(Image-text web data)
┄┄┄┄┄┄┄┄┄┄┄┄┄┄┄┄┄┄┄┄
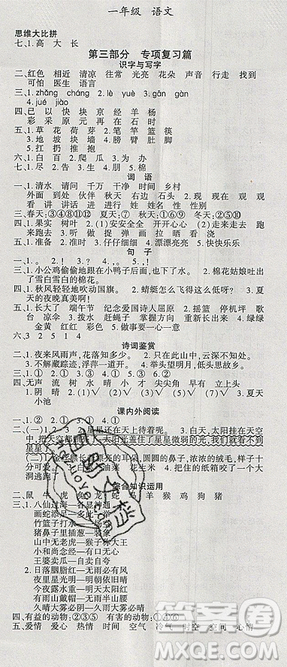 2019年假期特訓(xùn)年度總復(fù)習(xí)暑假一年級語文參考答案
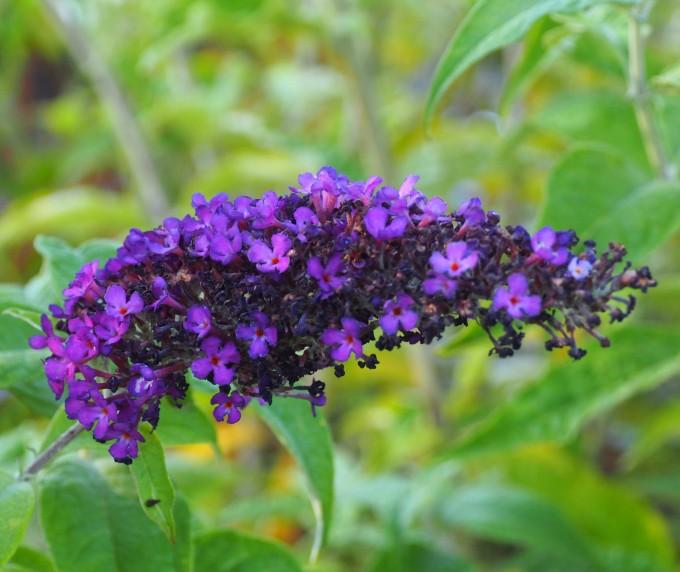 Buddleia Davidii 'groovy Grape' - View 13 from www redcrocus com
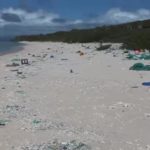 Environnement. Une île déserte du Pacifique ensevelie sous les plastiques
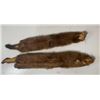 Image 3 : (2) *New* Soft and Tanned Male and Female MINK Furs, Skins, or Hides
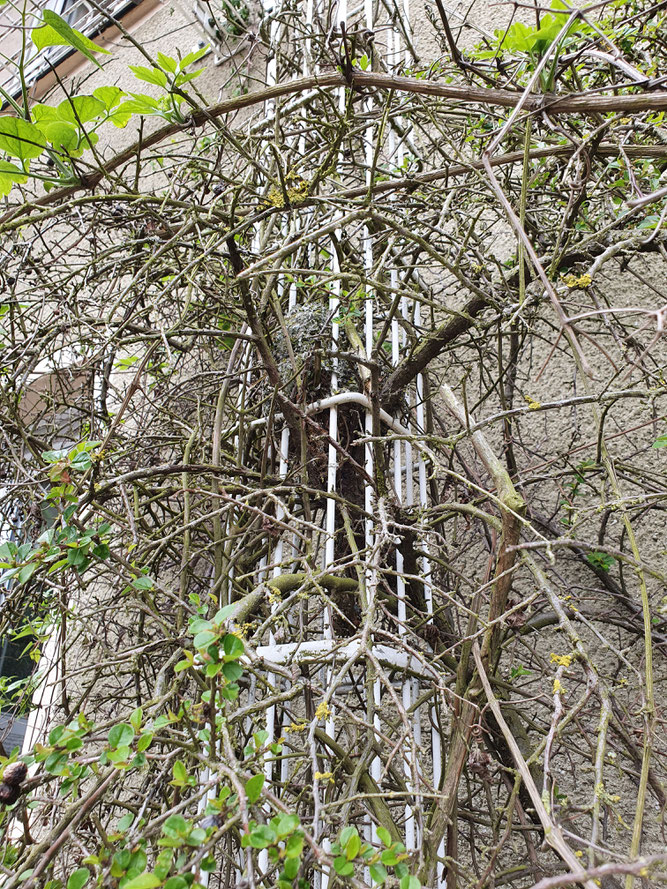 Foto 1 - Das Nest im Busch, eingeflochten in einem Rankgerüst.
┄┄┄┄┄┄┄┄┄┄┄┄┄┄┄┄┄┄┄┄
## Task directions
Here the job is to retype exactly the lines that start at the one containing "Image 3 : (2)" and run through the end of the records above, leaving out pictures.

## Written response
 Image 3 : (2) *New* Soft and Tanned Male and Female MINK Furs, Skins, or Hides
 Foto 1 - Das Nest im Busch, eingeflochten in einem Rankgerüst.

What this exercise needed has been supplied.